PROBLEM TO SOLVE: Print, word for word, every line from the beginning of the listing up to and including the line with "Оригінальна аніме фігурка". Pictures are to be excluded.

====== EXTRACTED INFORMATION ======

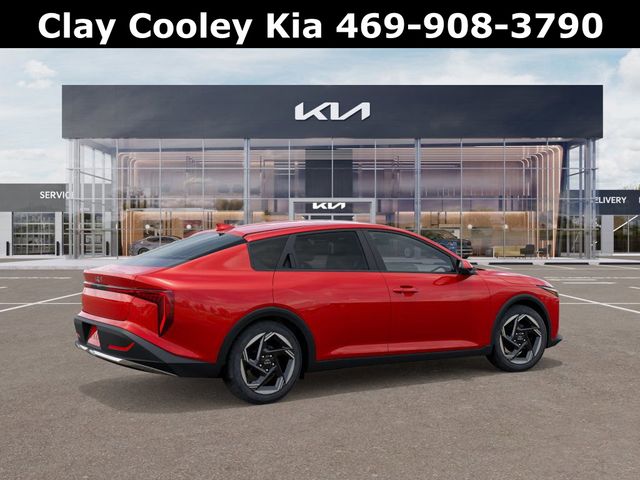 2025 Kia K4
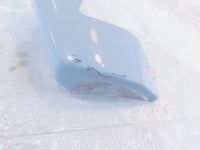 2001-05 BMW F650CS F650 CS Baluga Blue Right/Left Rear Tail Section Side Fairing - C3 Cycle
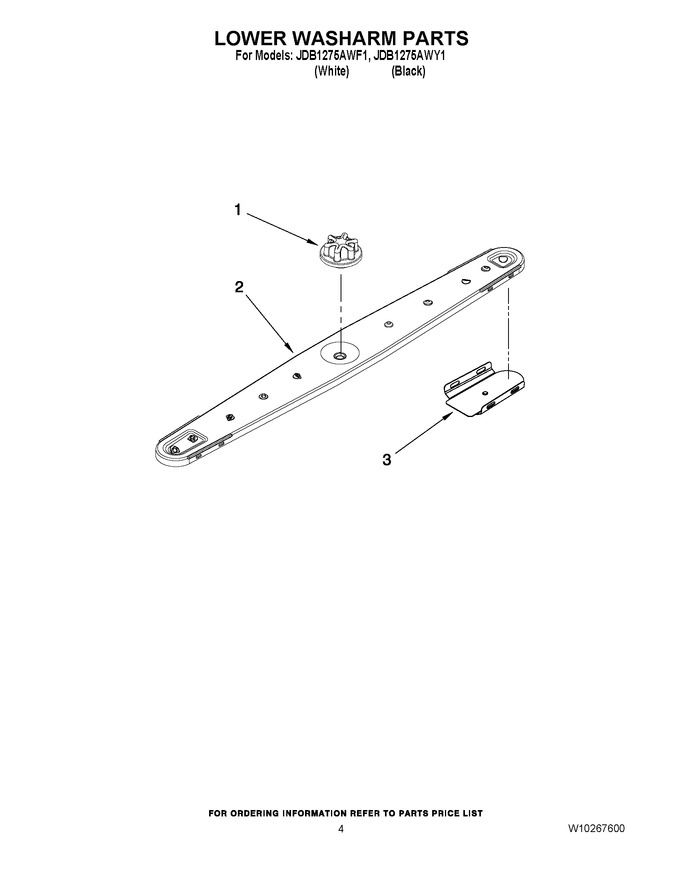 Diagram for JDB1275AWY1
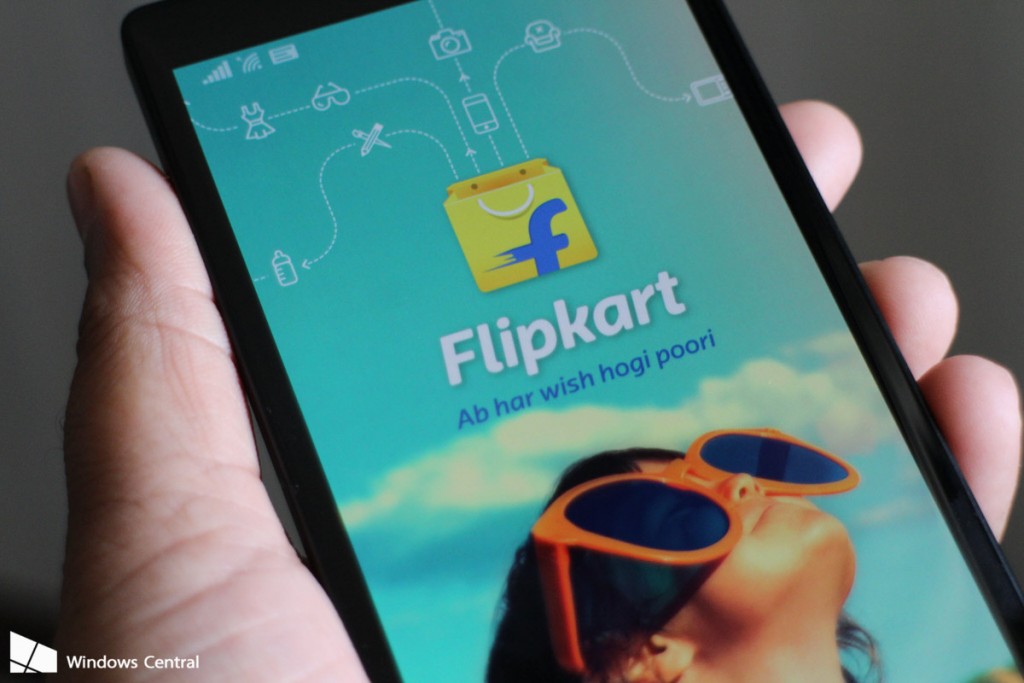 India's e-commerce firm Flipkart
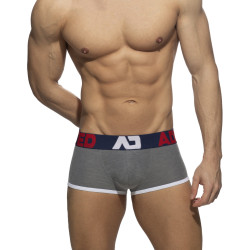 Herenboxershort Addicted grijs (AD1248-15)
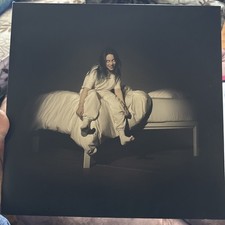 When We All Fall Asleep, Where Do We Go by Eilish, Billie Record, 2019 VG 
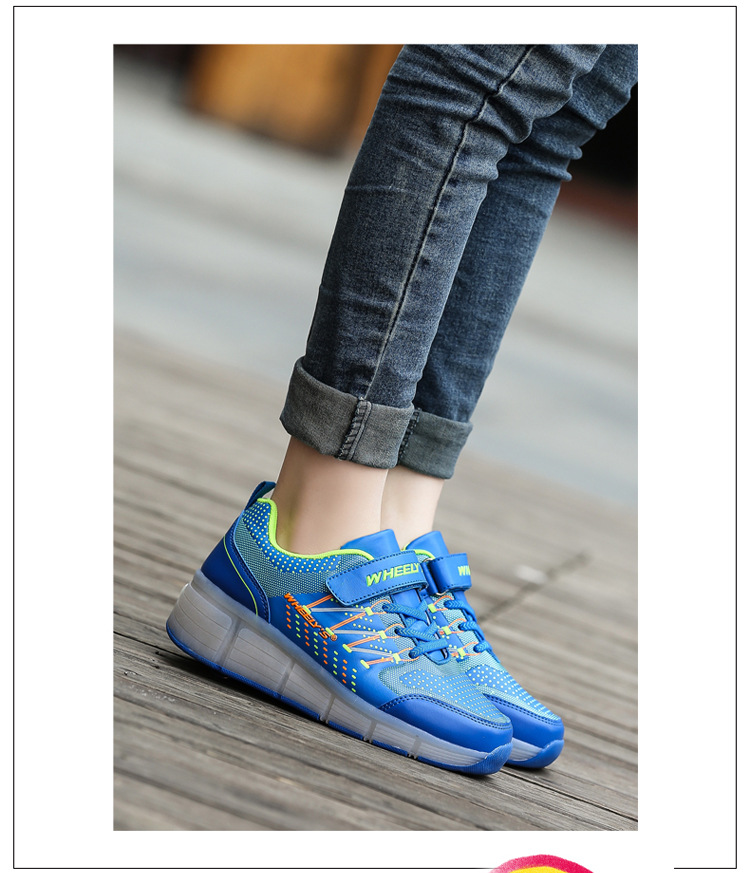 Chaussures à roulettes - Ref 2571737 Image 26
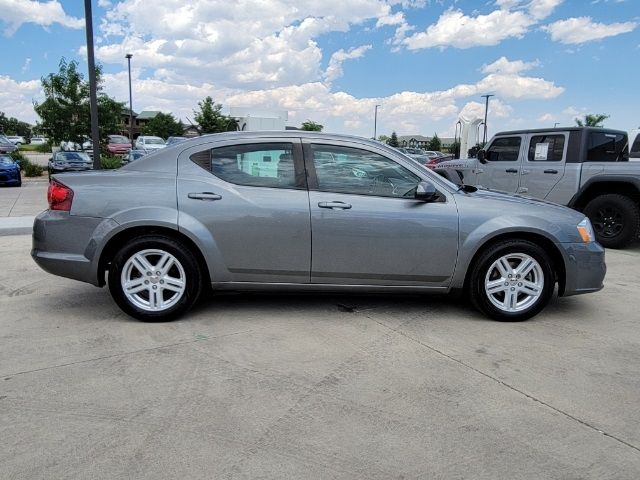 2012 Dodge Avenger SXT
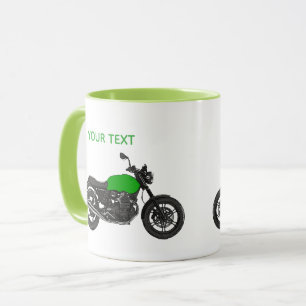 Motorcykel Mugg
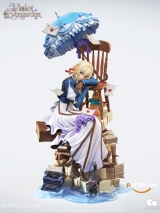 Оригінальна аніме фігурка &laquo;Bubble Studio - Violet Evergarden Violet Evergarden&raquo;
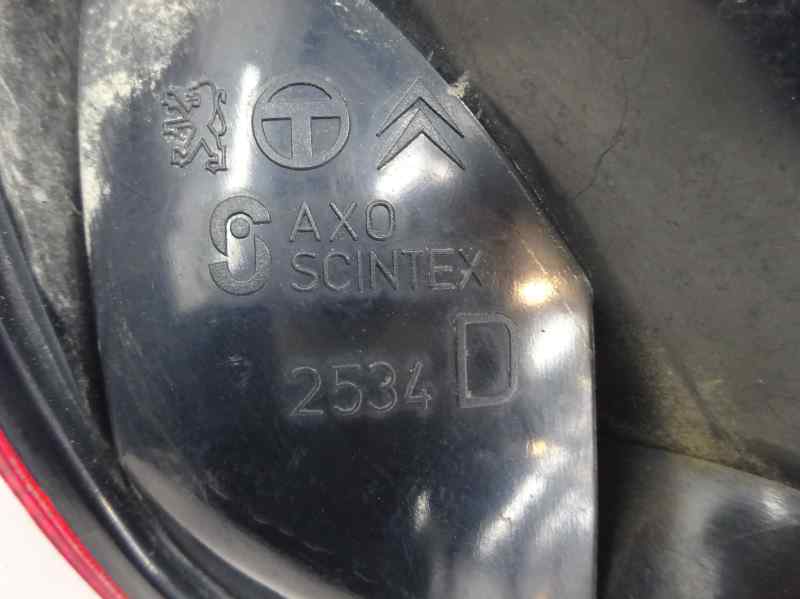 PILOTO TRASERO DERECHO CITROEN XSARA 2.0 HDI MT 90CV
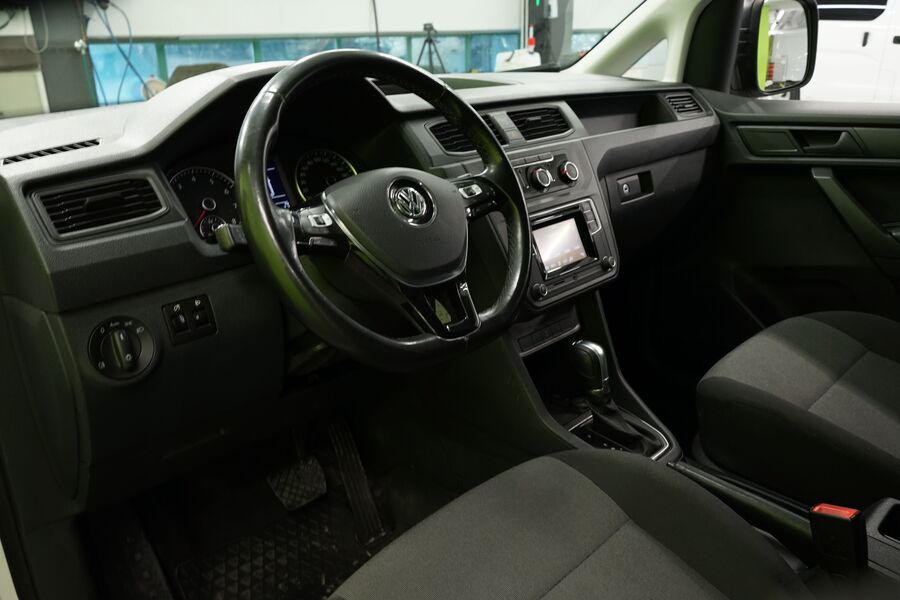 Volkswagen Caddy vaihtoauto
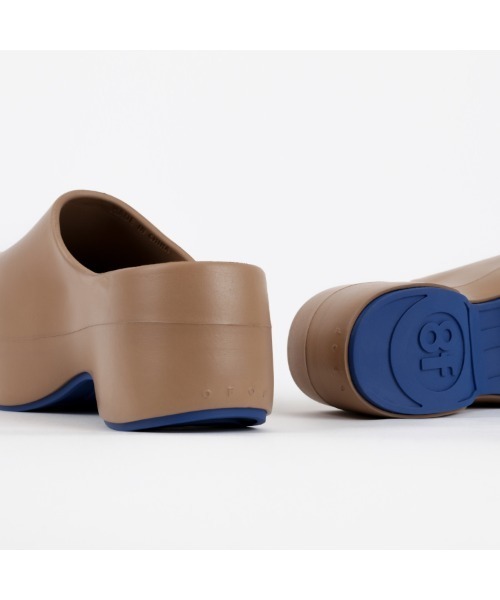 OFOF サンダル 24~24.5 2024S/S/A/W collection＞ 1-88:フラワーベットサンダル | JUCO.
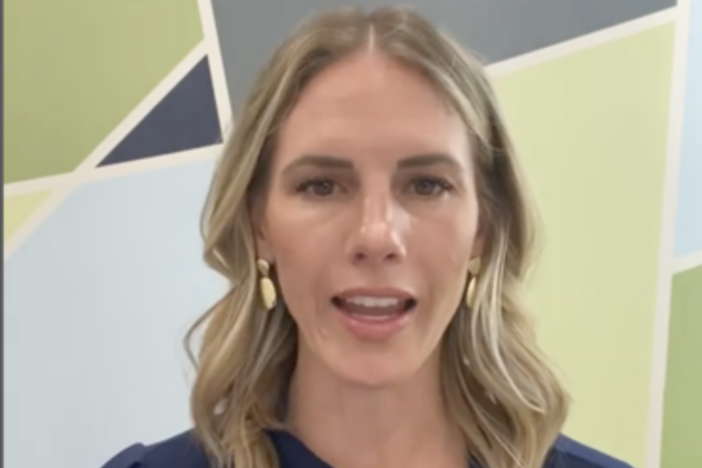 Former YouTube star Ruby Franke, pictured here in a video for her mental health counseling service ConneXions, was charged with six felony counts of child abuse.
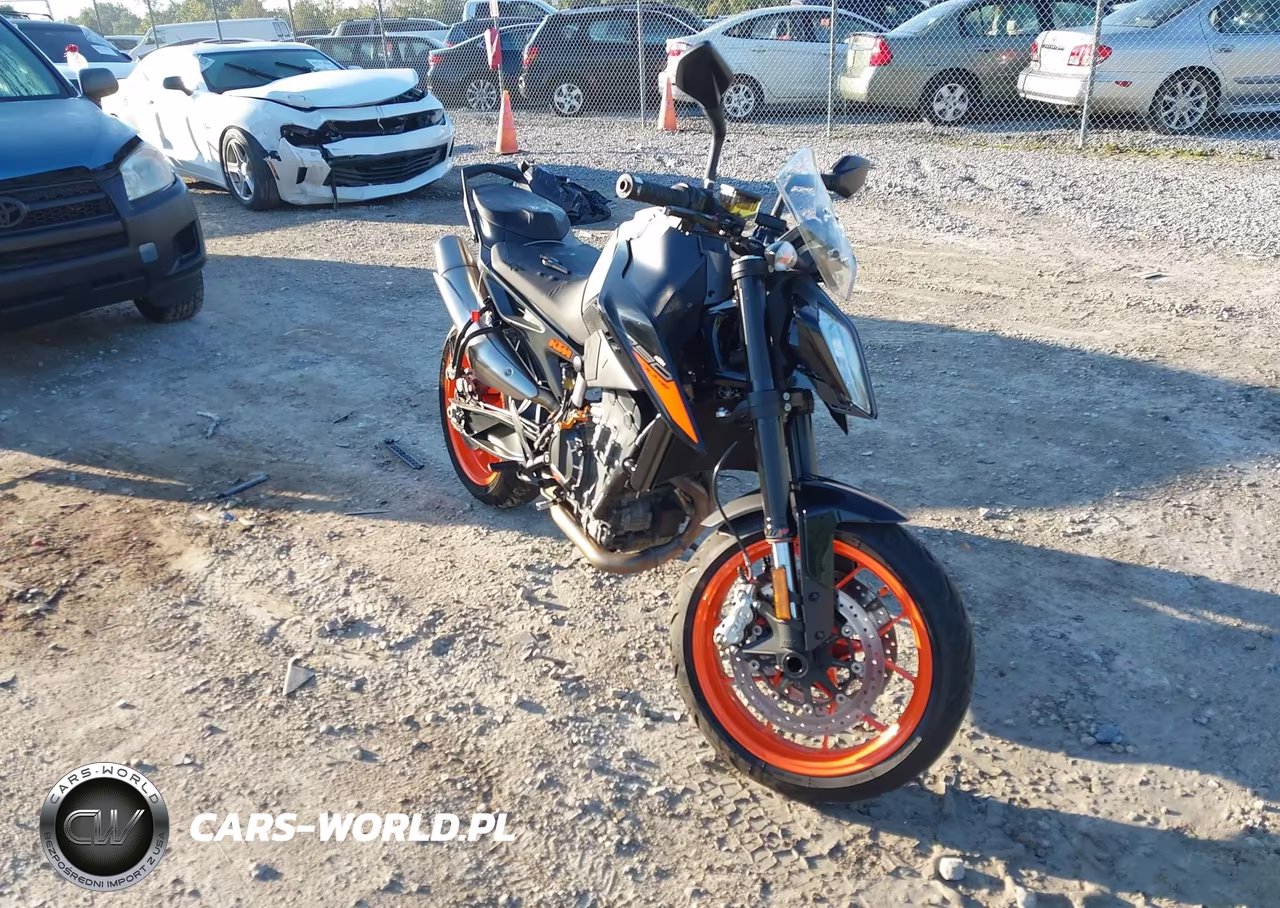 2020 Ktm 790 Duke – zdjęcie 1 z 18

======

TASK OUTPUT:
 2025 Kia K4
 2001-05 BMW F650CS F650 CS Baluga Blue Right/Left Rear Tail Section Side Fairing - C3 Cycle
 Diagram for JDB1275AWY1
 India's e-commerce firm Flipkart
 Herenboxershort Addicted grijs (AD1248-15)
 When We All Fall Asleep, Where Do We Go by Eilish, Billie Record, 2019 VG 
 Chaussures à roulettes - Ref 2571737 Image 26
 2012 Dodge Avenger SXT
 Motorcykel Mugg
 Оригінальна аніме фігурка &laquo;Bubble Studio - Violet Evergarden Violet Evergarden&raquo;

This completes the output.